A ação foi protocolada no dia 26 de junho por Patrícia Cristina da Silva. Na petição, ela afirma que trabalhou em bairros periféricos de Cuiabá, como Pedra 90 e Tijucal, aplicando questionários de pesquisa.
Segundo a autora, o contrato previa pagamento fixo de R$ 1.850 pelos serviços, mas, durante a execução do trabalho, a forma de remuneração teria sido alterada para pagamento por produtividade, condicionado à comprovação das entrevistas realizadas.
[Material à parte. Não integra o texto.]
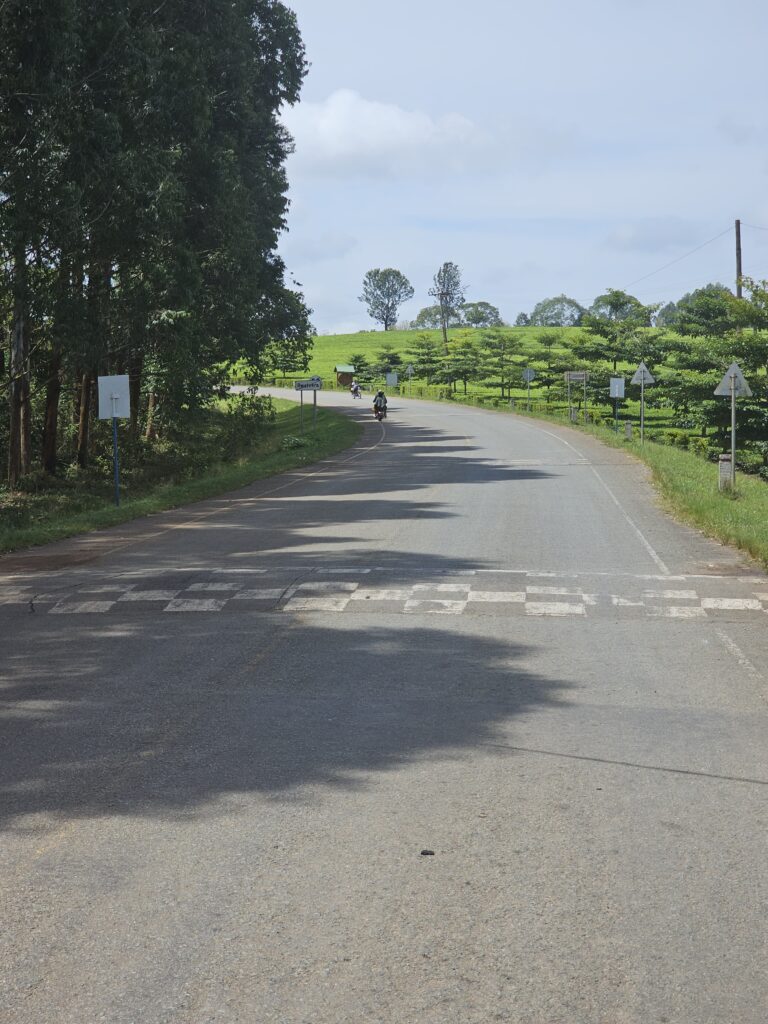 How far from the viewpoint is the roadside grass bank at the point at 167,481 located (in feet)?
72.7

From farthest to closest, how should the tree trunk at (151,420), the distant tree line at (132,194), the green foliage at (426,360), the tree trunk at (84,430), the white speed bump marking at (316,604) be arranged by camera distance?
the green foliage at (426,360) → the tree trunk at (151,420) → the tree trunk at (84,430) → the distant tree line at (132,194) → the white speed bump marking at (316,604)

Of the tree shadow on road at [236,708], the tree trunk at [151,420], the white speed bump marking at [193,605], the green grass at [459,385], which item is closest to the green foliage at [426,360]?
the green grass at [459,385]

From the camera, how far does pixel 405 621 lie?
38.0 ft

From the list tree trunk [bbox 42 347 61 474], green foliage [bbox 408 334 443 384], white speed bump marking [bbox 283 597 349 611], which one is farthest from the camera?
green foliage [bbox 408 334 443 384]

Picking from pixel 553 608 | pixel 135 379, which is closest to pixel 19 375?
pixel 135 379

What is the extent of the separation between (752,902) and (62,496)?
86.5ft

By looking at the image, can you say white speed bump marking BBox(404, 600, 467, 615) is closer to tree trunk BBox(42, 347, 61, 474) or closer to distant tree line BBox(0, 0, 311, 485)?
distant tree line BBox(0, 0, 311, 485)

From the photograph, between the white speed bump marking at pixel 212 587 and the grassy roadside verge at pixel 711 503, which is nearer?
the white speed bump marking at pixel 212 587

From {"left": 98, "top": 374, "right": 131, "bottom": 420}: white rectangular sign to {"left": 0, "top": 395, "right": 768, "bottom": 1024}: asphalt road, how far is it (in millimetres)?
9445

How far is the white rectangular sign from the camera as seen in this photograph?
23.7m

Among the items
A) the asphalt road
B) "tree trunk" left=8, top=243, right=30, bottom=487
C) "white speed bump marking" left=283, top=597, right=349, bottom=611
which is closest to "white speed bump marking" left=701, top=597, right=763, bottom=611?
the asphalt road

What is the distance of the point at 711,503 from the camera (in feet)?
72.5

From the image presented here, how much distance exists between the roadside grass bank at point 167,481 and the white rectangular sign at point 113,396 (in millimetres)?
1944

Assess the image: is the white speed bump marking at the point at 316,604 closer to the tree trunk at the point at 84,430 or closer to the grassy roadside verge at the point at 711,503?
the grassy roadside verge at the point at 711,503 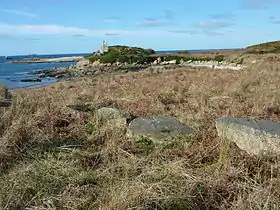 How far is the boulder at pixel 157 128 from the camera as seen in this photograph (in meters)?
5.58

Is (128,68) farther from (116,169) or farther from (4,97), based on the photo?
(116,169)

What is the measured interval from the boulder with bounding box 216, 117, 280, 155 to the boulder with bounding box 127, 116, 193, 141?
65 centimetres

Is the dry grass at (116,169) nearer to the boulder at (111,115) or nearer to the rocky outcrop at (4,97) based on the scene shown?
the boulder at (111,115)

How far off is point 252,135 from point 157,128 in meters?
1.50

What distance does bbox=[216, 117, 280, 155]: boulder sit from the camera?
15.3 ft

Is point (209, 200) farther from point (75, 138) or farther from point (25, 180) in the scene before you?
point (75, 138)

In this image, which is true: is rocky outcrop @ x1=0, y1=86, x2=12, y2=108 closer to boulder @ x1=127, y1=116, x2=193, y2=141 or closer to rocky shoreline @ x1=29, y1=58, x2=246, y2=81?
boulder @ x1=127, y1=116, x2=193, y2=141

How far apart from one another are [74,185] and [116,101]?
5.59 metres

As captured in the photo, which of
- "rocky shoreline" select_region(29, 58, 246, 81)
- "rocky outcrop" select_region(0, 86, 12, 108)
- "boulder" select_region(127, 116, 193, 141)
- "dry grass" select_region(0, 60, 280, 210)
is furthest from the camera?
"rocky shoreline" select_region(29, 58, 246, 81)

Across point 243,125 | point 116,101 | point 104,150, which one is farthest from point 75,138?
point 116,101

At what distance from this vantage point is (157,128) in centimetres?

Patrícia também relata que os trabalhadores não receberam água potável, mesmo atuando durante o dia sob altas temperaturas. Além disso, afirma que havia controle considerado excessivo, com exigência de envio de fotografias das residências visitadas por meio do WhatsApp.
De acordo com a ação, ela realizou 499 entrevistas, mas sustenta que parte do serviço não foi remunerada.
A petição também afirma que o serviço de pesquisa não consta na prestação de contas do senador Carlos Fávaro apresentada ao Tribunal Superior Eleitoral (TSE).
O caso será analisado pela Justiça. Até o momento, não houve manifestação pública do senador ou de sua equipe sobre as alegações apresentadas no processo.